Know your body, and it's limits. If you have an injury, or a disorder in say bone structure, you can seriously risk permanent injury from using stretches which while beneficial to others, can be harmful to your own body.

And in that, choose training partners who will assist and push you, not force. Your body is resilient, but a lot of MA people have a gung-ho attitude where they take pride in puking after practice. Pushing oneself gives growth, stretching oneself only does harm, and in the long run retard. Have trained for nearly two decades, I find it a BLESSING I have no injuries which are long term, and inhibiting my martial arts which is a very, very common tragedy.

A lot of the people I associate with are martial artists, and there is a particular individual I have trained with for many years, who is suffering many debilitating problems to his body from subjecting it to improper training. While he may be a beast in a confrontation, we have a nickname for him of 'old man Alec'. Fortunately he has found stretching, focused on realligning joints over time, to be very beneficial, but he is doing this with the assistance of a yoga chiropractor. Alec btw is 19.


----------



## luckiest

I can kick just about at head height but not above. As a kid it was easy! When I started again as an adult, I was in reasonably good shape (mostly from jogging) so I found I was nearly there, and just from practising kicking in class over the last year I've increased my height.

My favourite stretch is to get someone else to hold my leg up high, it's a more difficult stretch than doing it yourself but you do notice the difference. Basically you lean against a wall and they lift your leg up and hold it up and then slowly push it up further. I also do all the typical ones of touching toes, butterfly etc.

A lot of people in my class kick way above their head but to be honest I think that's too high, looks good but in a practical situation I think you'd have less strength that high and maybe even miss their head! Compared to say kicking them in the body to push them away.


----------



## rframe

Here's a few videos I've found on improving kicking flexibility and strength, to improve kick power, height, and accuracy.  They all seem to agree that it's a simple matter of frequency and quality of practice.

http://www.youtube.com/watch?v=7zHWAbvShNM


----------



## Zenjael

curiously, when I switched from WTF TKD to Chung Do Kwan, I noticed that my kicking height increased because of the chamber. Over time it's gotten more and more height, so that I can now kick vertically straight up. The only stretch I've done consistently, constantly, everyday, is the butterfly stretch, which is I've also heard very bad for you. But it's why I think my kicks are as they are.


----------



## Toast_in_the_Machine

As someone who started MA late in life (40's). but in above average shape (I did a 5k on a whim and posted a reasonable time), and who had spent their youth doing just about every sport a boy could play (soccer, basketball, baseball, etc.), I still 4 years on struggle to execute certain types of kicks high enough to use effectively in a TKD sparring match.

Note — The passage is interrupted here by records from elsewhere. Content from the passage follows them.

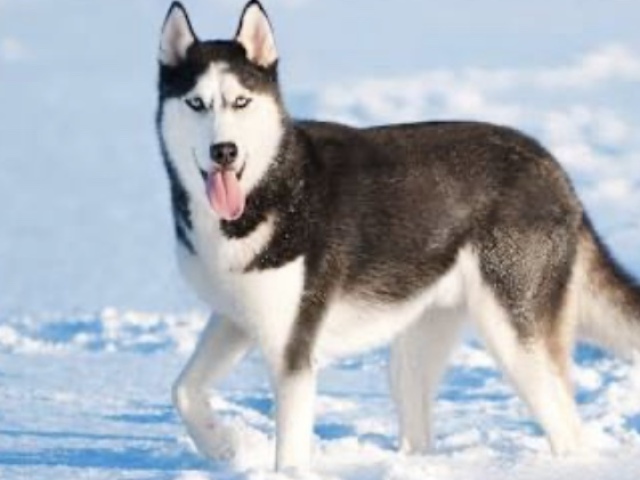 Husky Siberiano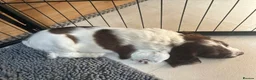 Sprocker dogs for sale: Two Sprocker Spaniel Dog Puppies For Sale in Newmarket - Advert 7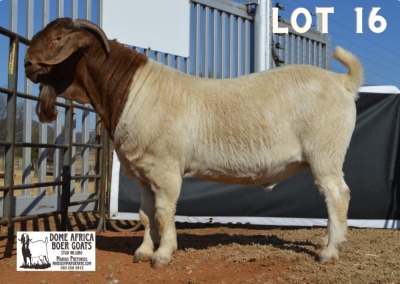 1X BOER GOAT FLOCK BUCK DOME AFRICA BOERGOAT STUD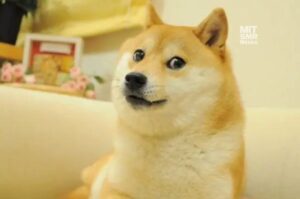 Día triste para Dogecoin: Muere Kabosu, la shiba inu que le dio su imagen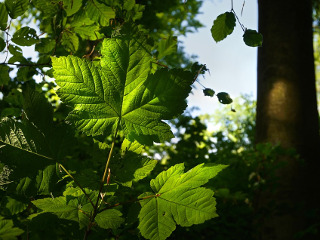 Impodobirea caselor si mormintelor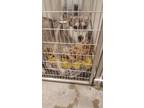 Adopt Lanai a Siberian Husky, Mixed Breed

I can execute crescent kicks to score to the head but not side kicks. This is how I was after the first day of training, but my side kicks, round kicks and hook kicks are only now slowly moving up from above the belt height.

What helps me is (1) I determined if it was strength or flexibility - they lead to different types of exercises (for me it was just flexibility).

(2) Work on good technique and just swallow my pride and admit I'm just old and inflexible and that those MF'ing flexible a*holes (kids/women in general) can just kiss my old hairy behind. Sorry. Where I was going was that by working on good technique, and in particular good hip and upper body position, I am removing the flaws I had in technique in trying to "get my kick up". This has slowed my ability to quickly make height progress but has improved the kicks I do make.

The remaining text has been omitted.